游長海坐在距離冀星洲三米遠的地方, 靜靜地看著他吐出一堆穢物。

吐完,冀星洲漱漱嘴,感覺好多了, 但宿醉帶來的頭疼, 仍鮮明得像腦袋被從天而降的石頭砸中留下的後遺癥。

“它們灌你,你得學著拒絕啊, 不能他們說什麽就是什麽。”

游長海按下輪椅扶手的開關,操縱著輪椅自動走到冀星洲身邊。

冀星洲眼皮沈重地耷拉著,腦袋昏沈,思緒仿如損壞的鐘表般幾近停滯:“給你們添麻煩了,抱歉。”

“沒什麽好抱歉的。
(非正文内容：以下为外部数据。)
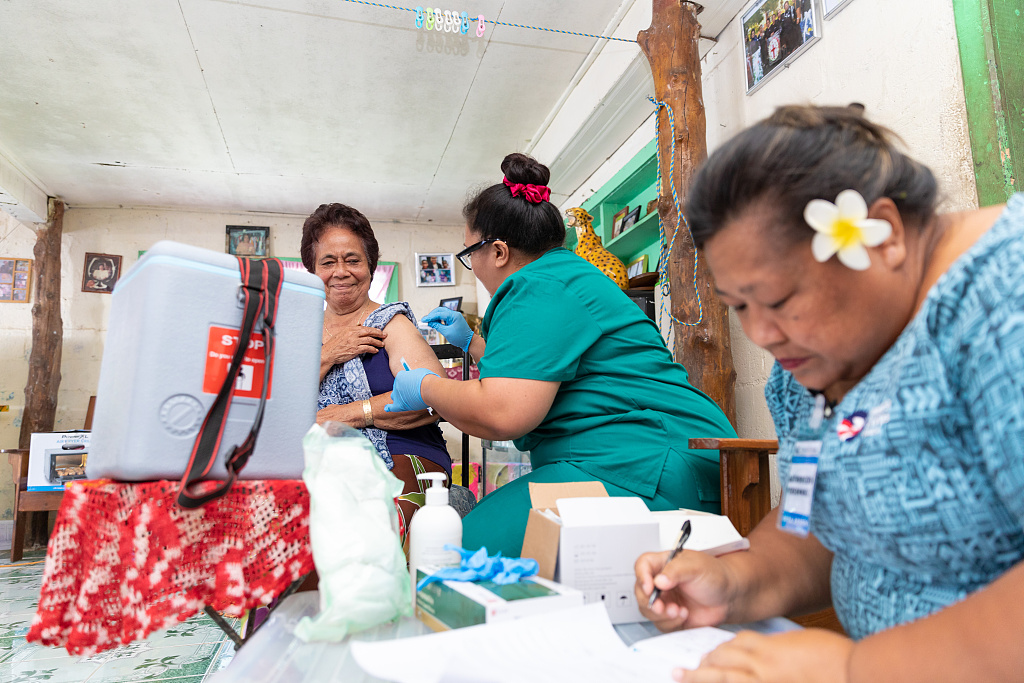 Health workers roll out a COVID-19 vaccination campaign at the village of Tuanaimato in Apia, Samoa, September 23, 2021. /CFP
”游長海手背撐著下巴, 歪頭看他。

穿過的來的日子, 他一直將冀星洲當做那個書中描述的天之驕子。

認為大機緣會毫無理由地從天而降, 效仿餡餅砸中他的頭頂;那些在各個領域發光發熱,聲名遠揚之人只要一站在他身邊,就會自動淪為他的陪襯;所有在旁人看來不可能克服的挫折, 他也能輕而易舉地克服。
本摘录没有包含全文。